- [AIM OF THE TASK]: From the first line of the data down to and including the line with "Gia from MAFS", copy everything exactly, leaving out pictures.

# # # # #

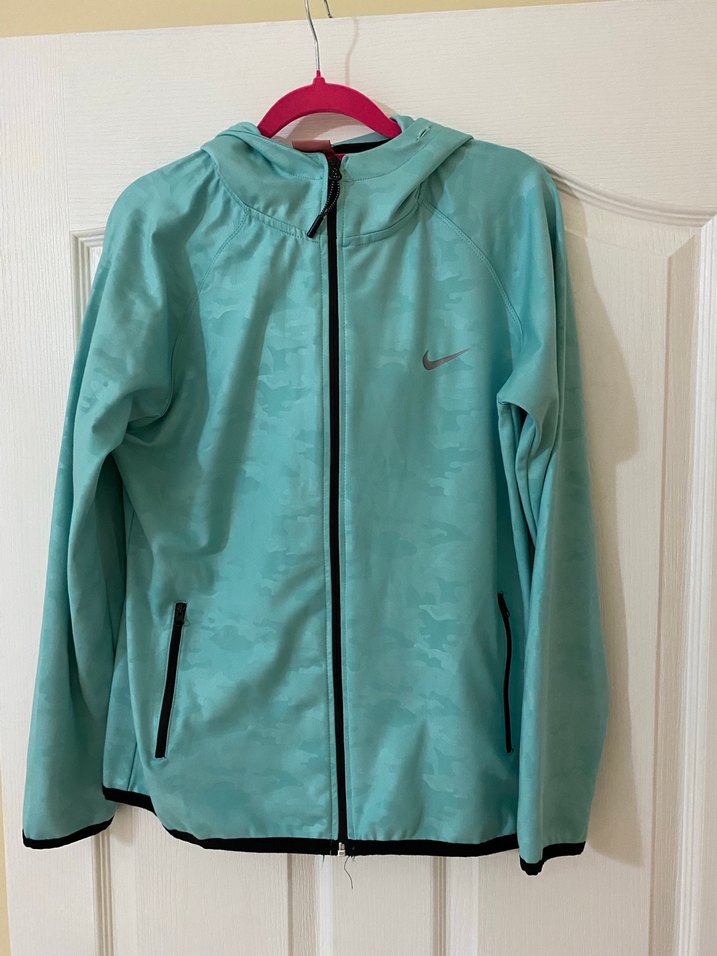 Turkuaz Fermuarlı Kadın Spor Ceket - Görsel 2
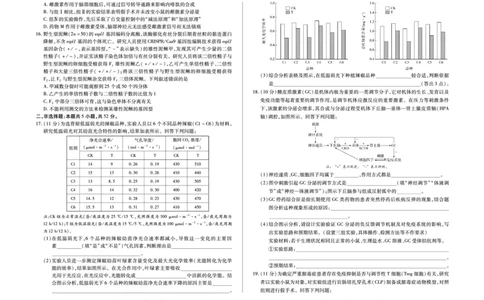 生物学A卷高三小高考(三)(1)_2026年1月_260114河南省多校小高考2025-2026学年高三上学期素质评价（三）（全）_河南省多校小高考2025-2026学年高三上学期素质评价（三）生物A卷试题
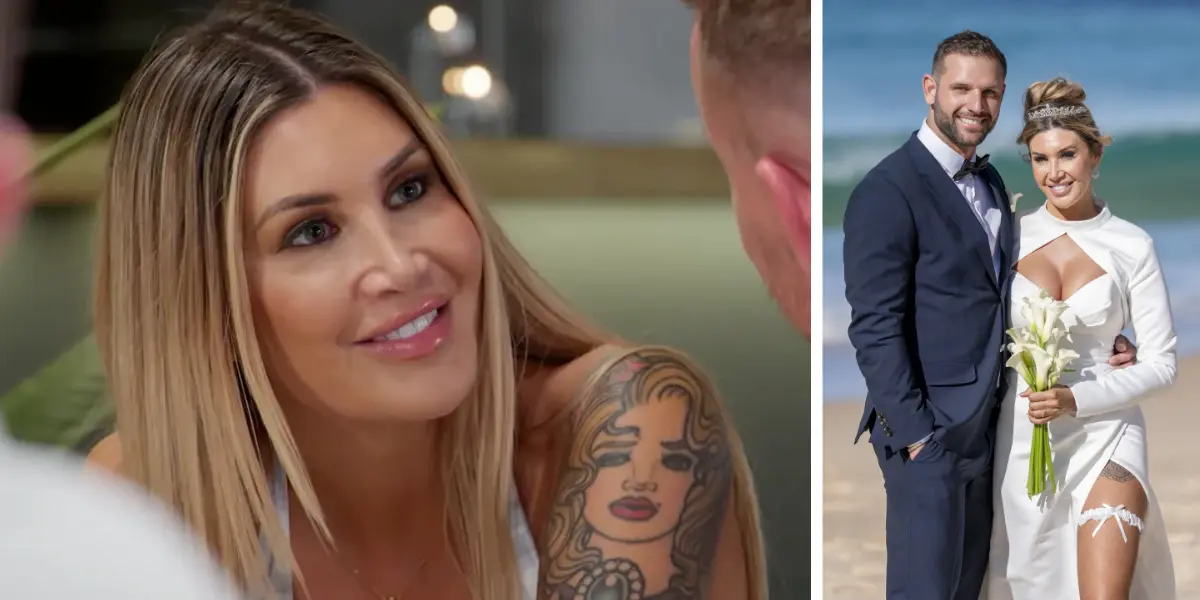 Gia from MAFS appeared on podcast Where's Your Head At to talk about Scott and Bec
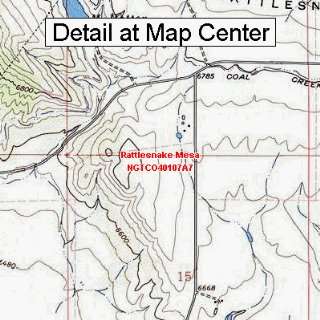  USGS Topographic Quadrangle Map   Rattlesnake Mesa 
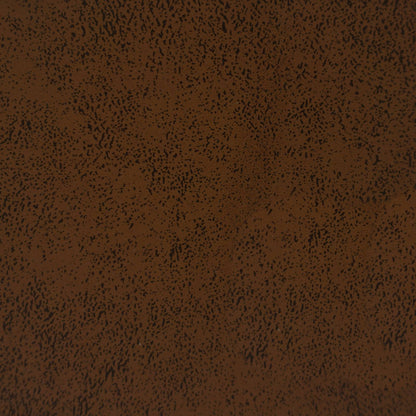XXL Armchair Brown Faux Suede Leather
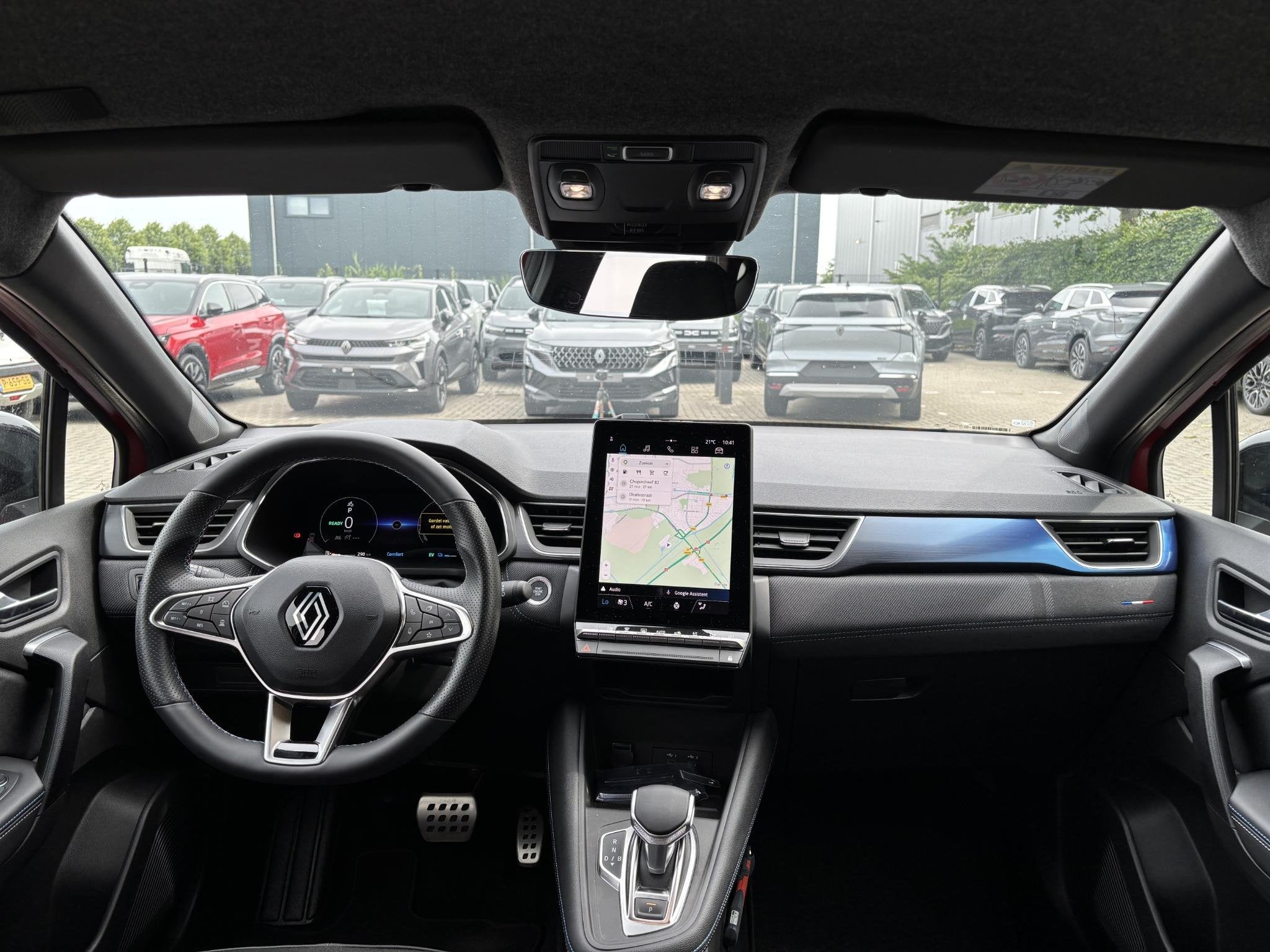 Renault Captur 1.6 E-Tech full hybrid 145 esprit Alpine | Tr, Auto's, 1345 kg, Gebruikt, Automatische klimaatregeling, Origineel Nederlands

# # # # #

- [RESULT FOR THIS EXERCISE]:
 Turkuaz Fermuarlı Kadın Spor Ceket - Görsel 2
 生物学A卷高三小高考(三)(1)_2026年1月_260114河南省多校小高考2025-2026学年高三上学期素质评价（三）（全）_河南省多校小高考2025-2026学年高三上学期素质评价（三）生物A卷试题
 Gia from MAFS appeared on podcast Where's Your Head At to talk about Scott and Bec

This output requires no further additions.